_Record excerpts_
%%
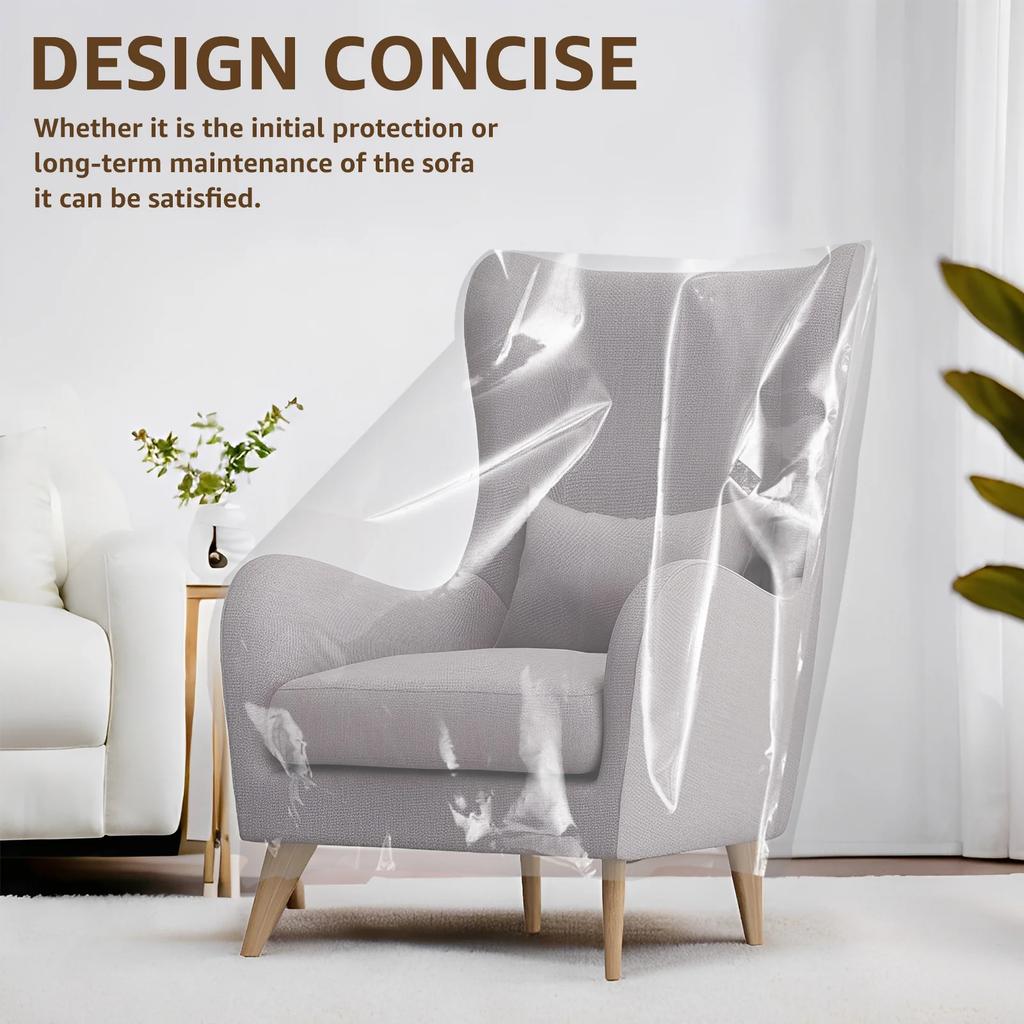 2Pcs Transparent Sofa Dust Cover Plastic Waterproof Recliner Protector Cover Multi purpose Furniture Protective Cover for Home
%%
%%
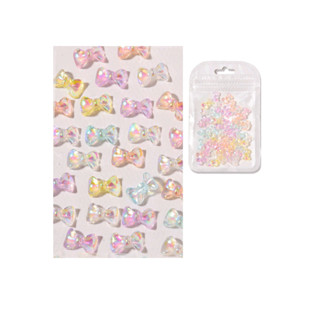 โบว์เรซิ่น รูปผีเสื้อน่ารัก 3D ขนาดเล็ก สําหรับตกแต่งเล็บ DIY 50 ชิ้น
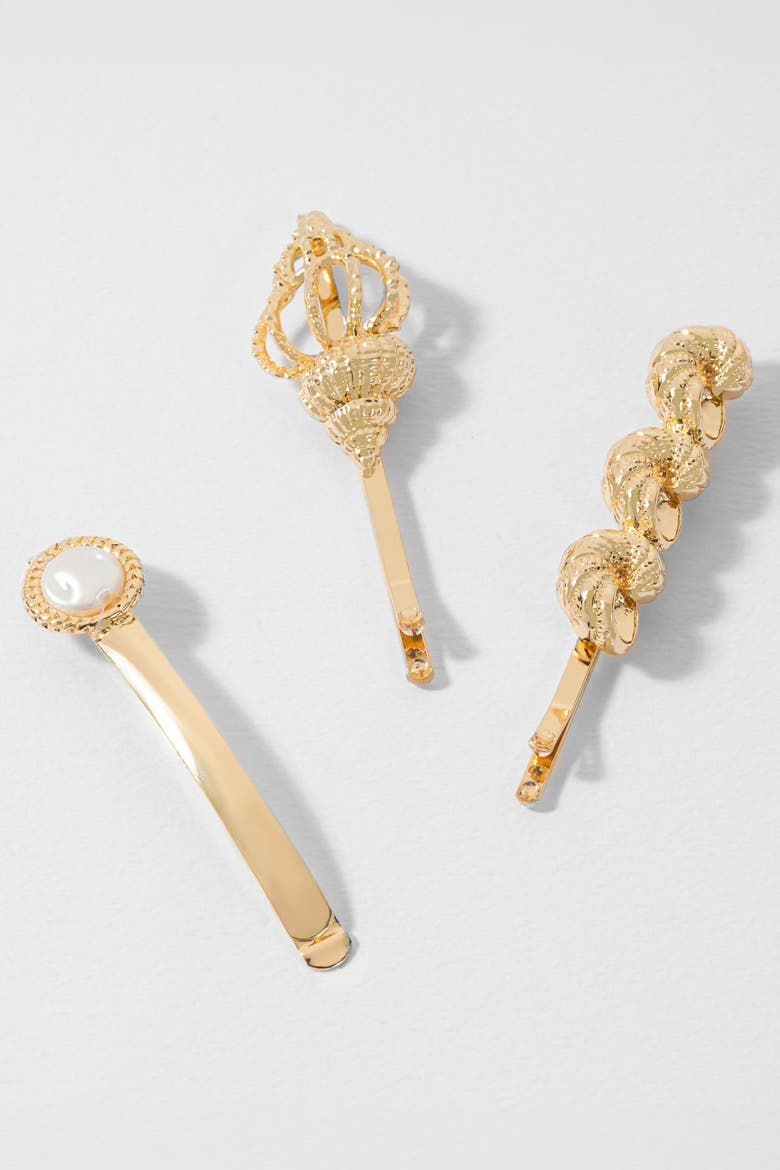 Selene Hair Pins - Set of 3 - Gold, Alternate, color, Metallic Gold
%%
_Activity_
For the material above, give again only the lines starting at the line that contains "โบว์เรซิ่น รูปผีเสื้อน่ารัก 3D" and ending at the line that contains "Selene Hair Pins". Pictures do not belong in the copy.

_Answer section_
 โบว์เรซิ่น รูปผีเสื้อน่ารัก 3D ขนาดเล็ก สําหรับตกแต่งเล็บ DIY 50 ชิ้น
 Selene Hair Pins - Set of 3 - Gold, Alternate, color, Metallic Gold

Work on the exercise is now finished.